Project 1: Dodeca – Part 2
This week Mai and I made some great progress on our musical Dodecahedron. Feeling pretty confident about the circuit on the breadboard we moved to a more compact arrangement on a soldered board.
We met in person on the floor at ITP to make a second Dodeca so we could both have one at home to code with. Mai was excited to solder for the first time and I shared what I have learned about soldering from Deqing Sun’s course Prototyping Electric Devices. She was a natural of course!
While Mai was constructing the second Dodeca I spent some time on the floor reviewing the Arduino Sketch we had put together. Our sketch makes use of a number of libraries and I added a bunch of comments in the code below to clarify what everything is doing. You can find the current code at the bottom of this post.
The goal of mapping specific facets of the dodeca to notes turned into a much bigger challenge than I expected and I learned a lot about IMU functions in the process. Using an enclosure with numbers on the facets matching the points in our code helped a lot with this.

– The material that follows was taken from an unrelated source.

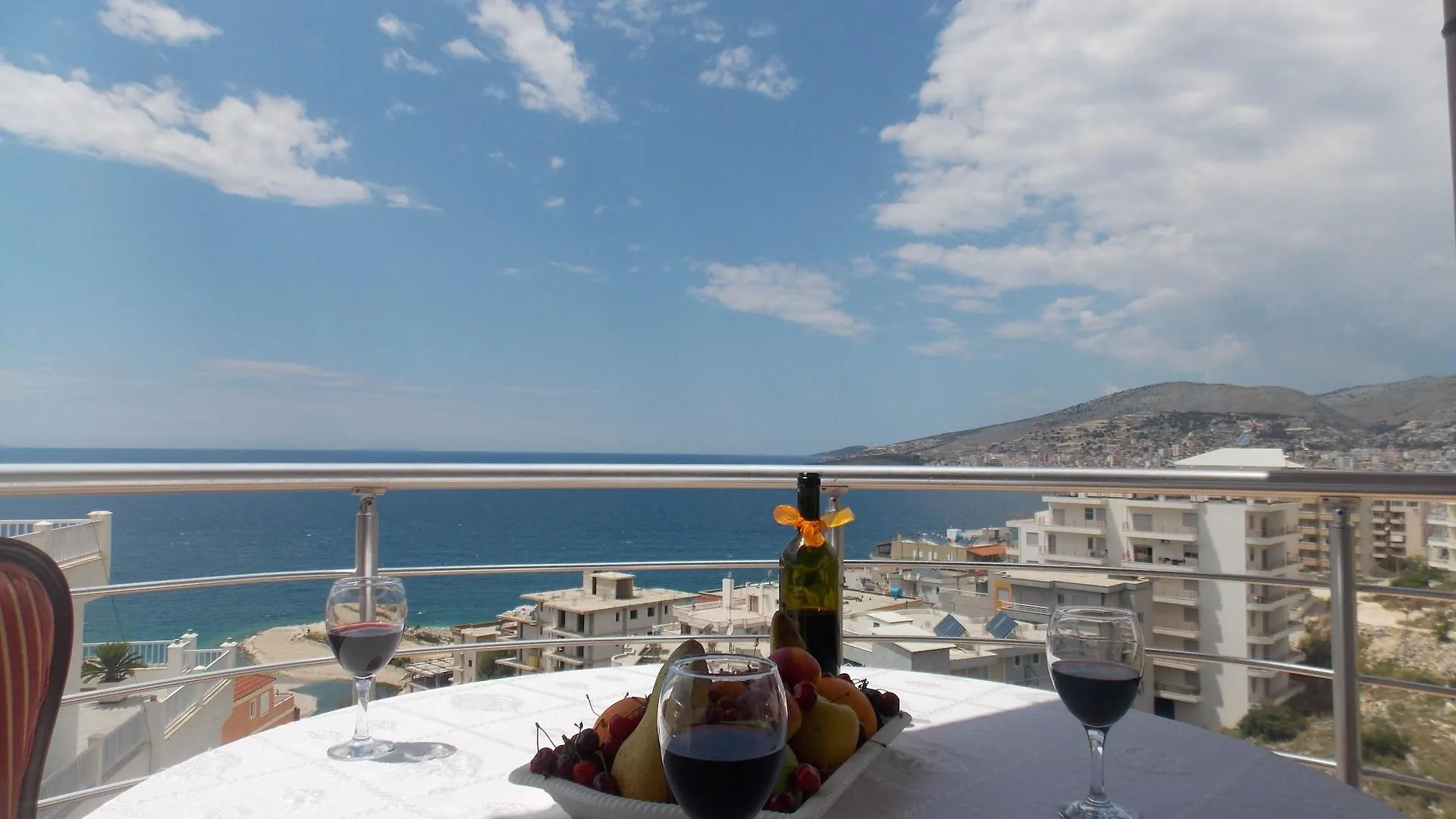Damian Saranda Hotel Sarande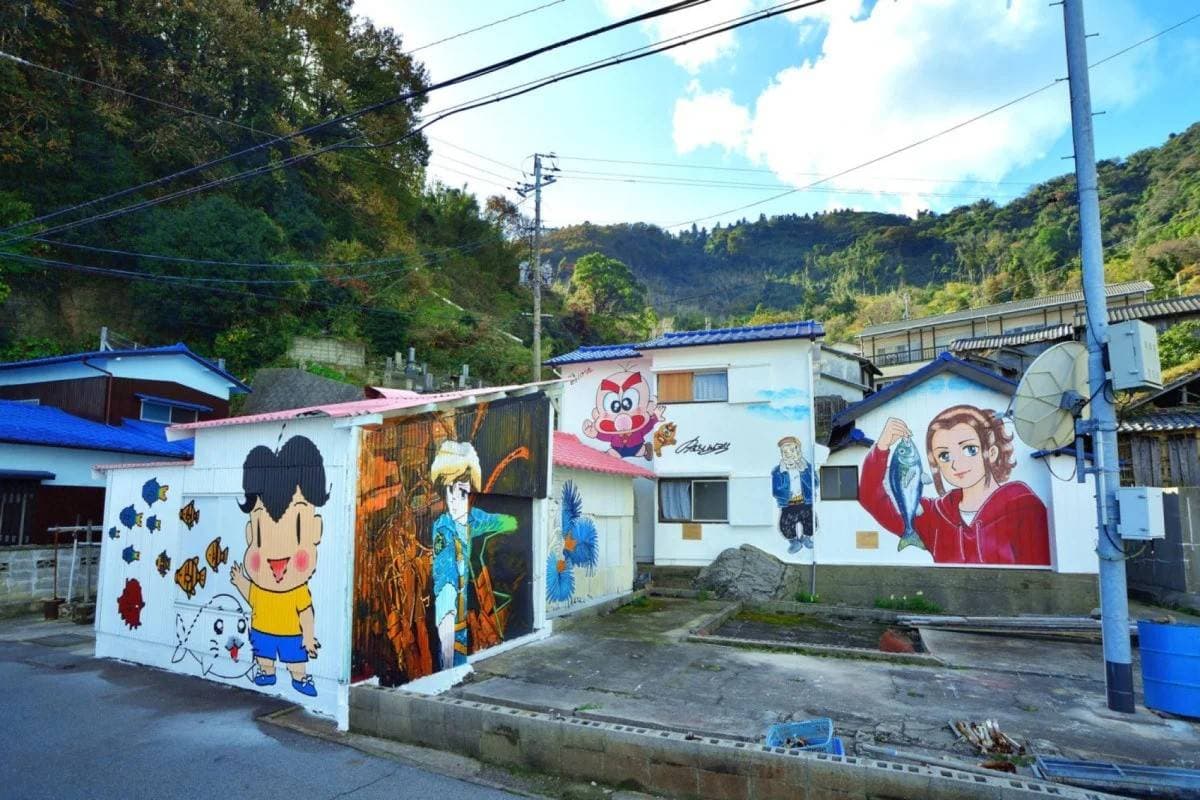 رهان على القصص المصورة.. هل يمكن للمانجا إنقاذ تاكايكاميشيما اليابانية المهجورة؟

We ended up using four different libraries to get from the point of reading the IMU sensor to determining which facet has the highest Y value in 3D space. Reading ahead to the IMU labs for physical computing Mai pointed out the “MadgwickAHRS.h” library that translates the sensor readings from the Arduino Nano 33 into Euler Angles (pitch, roll, yaw). Experimenting with this I found that the IMU of the Nano 33 IoT does not have a magnetometer which appeared to introduce a constant drift to the Z-axis, or yaw, readings, using the Madgwick library. Because the facets are mapped in a constant relationship to the sensor, as they are physically attached to one another, I realized that we could abandon the Z-axis/yaw readings all together and calculate rotations using only X-axis/pitch and Y-axis/roll.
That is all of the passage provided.